Penn Professors Study Poverty Alleviation Through Sustainable Community-Based Enterprises in India

PHILADELPHIA — Research from the School of Social Policy & Practice at the University of Pennsylvania indicates that community-based enterprise models can be effective in alleviating poverty, despite changing political and economic climates.

“Jasmine Growers of Coastal Karnataka: Grassroots Sustainable Community-Based Enterprise in India” was published in the international journal Entrepreneurship and Regional Development, which focuses on economic development, entrepreneurial vitality and innovation as local and regional phenomena. 

Femida Handy and Ram Cnaan, two professors at the Penn School of Social Policy & Practice, studied the history and success of a community-based enterprise along the western coast of India, which played a role in alleviating poverty in the region for more than 70 years.

While 3 billion people worldwide live in extreme poverty, surviving on less than $2 a day, and researchers continue to look for sustainable solutions to global poverty, Handy and Cnaan’s research finds it is more effective to look for existing successful, sustainable grassroots solutions that are adaptable to new situations, such as community-based enterprises.

Community-based enterprise offers a new approach to poverty reduction by relying on local knowledge, culture, resources, capacity and ingenuity to come up with innovative ways to address poverty in rural areas.

“Historically, poverty alleviation programs have often degenerated to charity and, despite good intentions, they paid little attention to culture, local values and strengths,” Cnaan said. “The jasmine flower growers in coastal Karnataka are an example of successful social and economic development over the course of 70 years.”

The production and sale of jasmine flowers has helped alleviate poverty for six villages and about 6,000 households.  This business has proven robust even in recessions, political changes and technical advances. 

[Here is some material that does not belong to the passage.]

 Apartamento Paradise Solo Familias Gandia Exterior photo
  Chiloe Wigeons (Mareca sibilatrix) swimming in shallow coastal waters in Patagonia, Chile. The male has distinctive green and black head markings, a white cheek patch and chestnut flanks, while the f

This initiative is based on a strong network of trust and social capital among the producers –- the jasmine growers at the household levels, and the buyers, agents and traders at the village and regional level and the wholesalers at the city and international level.  This trust underwrites the entire system and can serve as a template for social capital and community-based enterprises, or CBEs.

“We found that the existence of a natural, autonomously developed community-based enterprise without ‘western’ intervention can help fine tune our knowledge of sustainable CBEs,” Handy said, “and assist in helping development practitioners learn what works best when proposing a CBE.”

In rural cultures, finding new entrepreneurial activities relatied to growing and cultivation may ease the process of economic restructuring among the poor and landless.  In addition, these activities should have a more holistic approach with a long-term view and involve several generations, the study concludes.

Co-authors are Ganesh Bhat of St. Mary’s College in India and Lucas Meijs of the Rotterdam School of Management, Erasmus University in the Netherlands.